● ASSIGNMENT
Print the listing below a second time, exactly, and omit its images.

● PROVIDED DATA
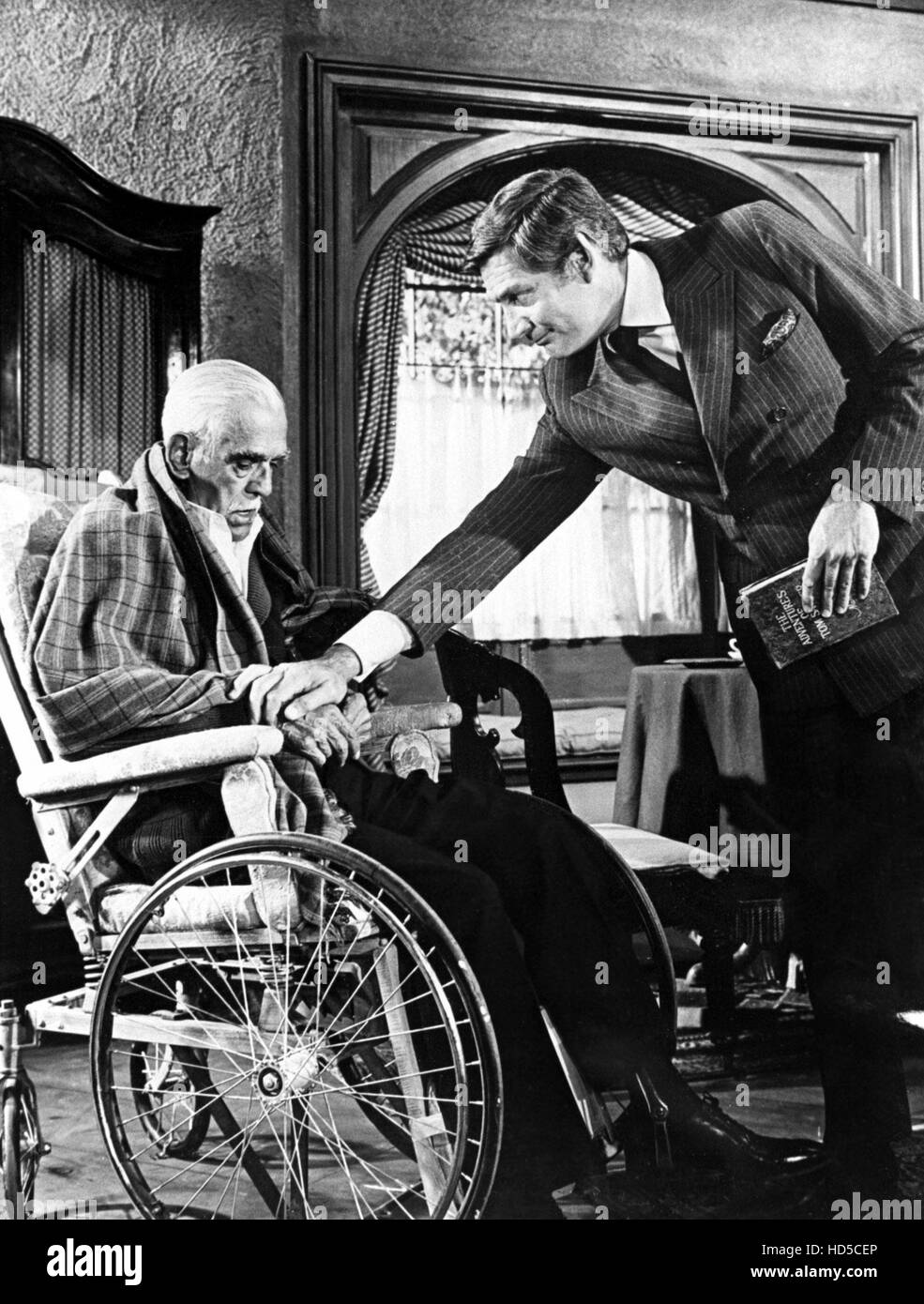 THE NAME OF THE GAME, from left Boris Karloff, Gene Barry, 'The white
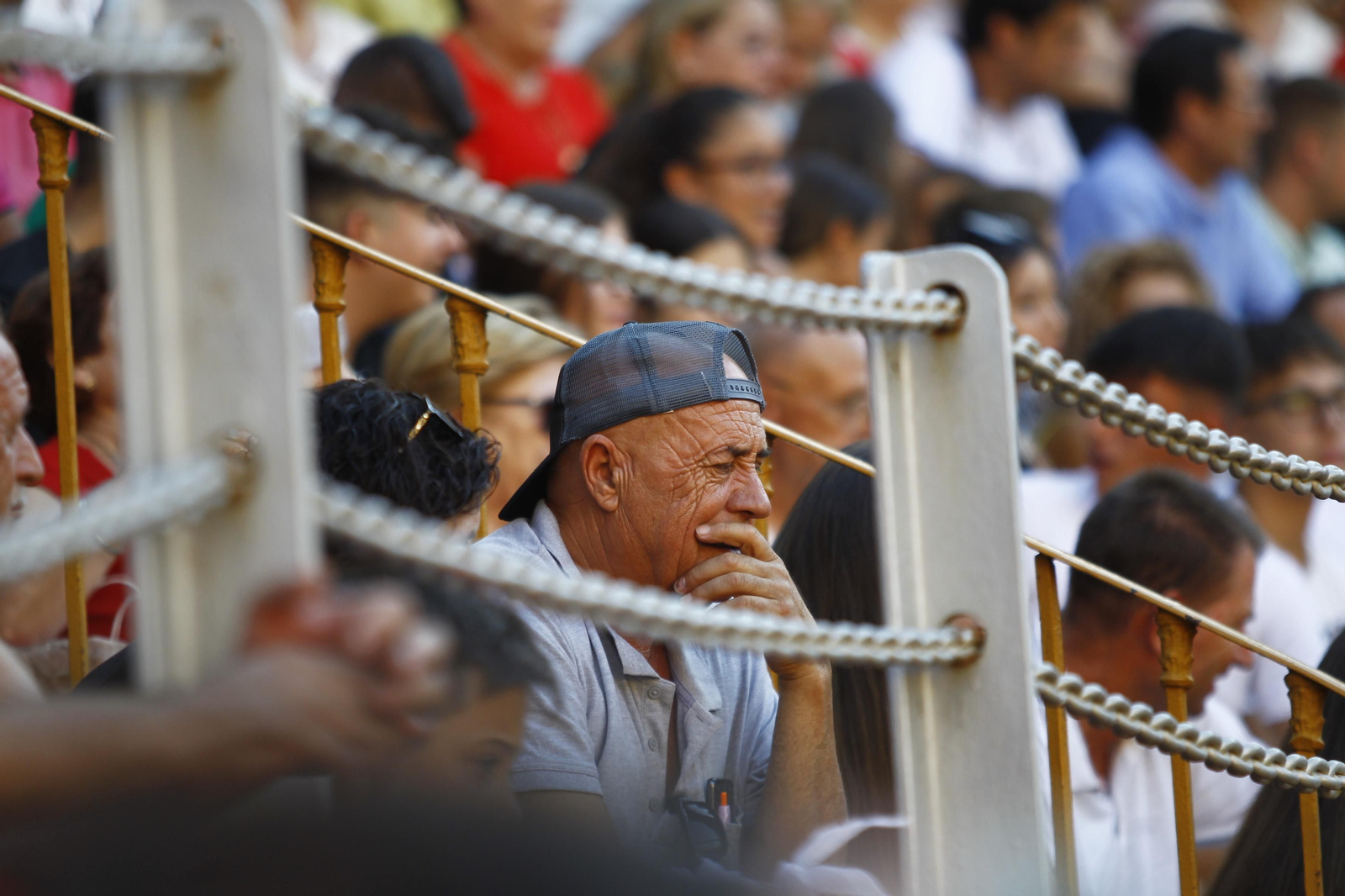 Imágenes del ambiente en la novillada organizada por la Escuela Taurina de Almería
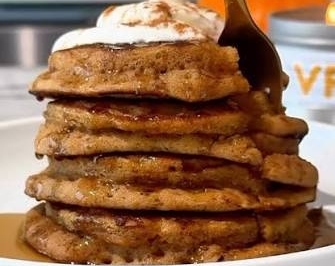 Viral Fluffy High Protein Pumpkin Spice Pancakes suggested serving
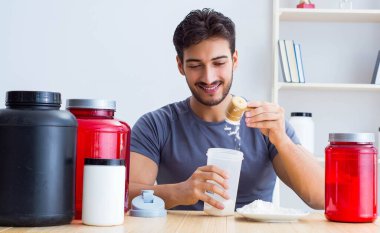 Sporcu daha iyi kaslar için yeni protein takviyeleri tadıyor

● RESULT
 THE NAME OF THE GAME, from left Boris Karloff, Gene Barry, 'The white
 Imágenes del ambiente en la novillada organizada por la Escuela Taurina de Almería
 Viral Fluffy High Protein Pumpkin Spice Pancakes suggested serving
 Sporcu daha iyi kaslar için yeni protein takviyeleri tadıyor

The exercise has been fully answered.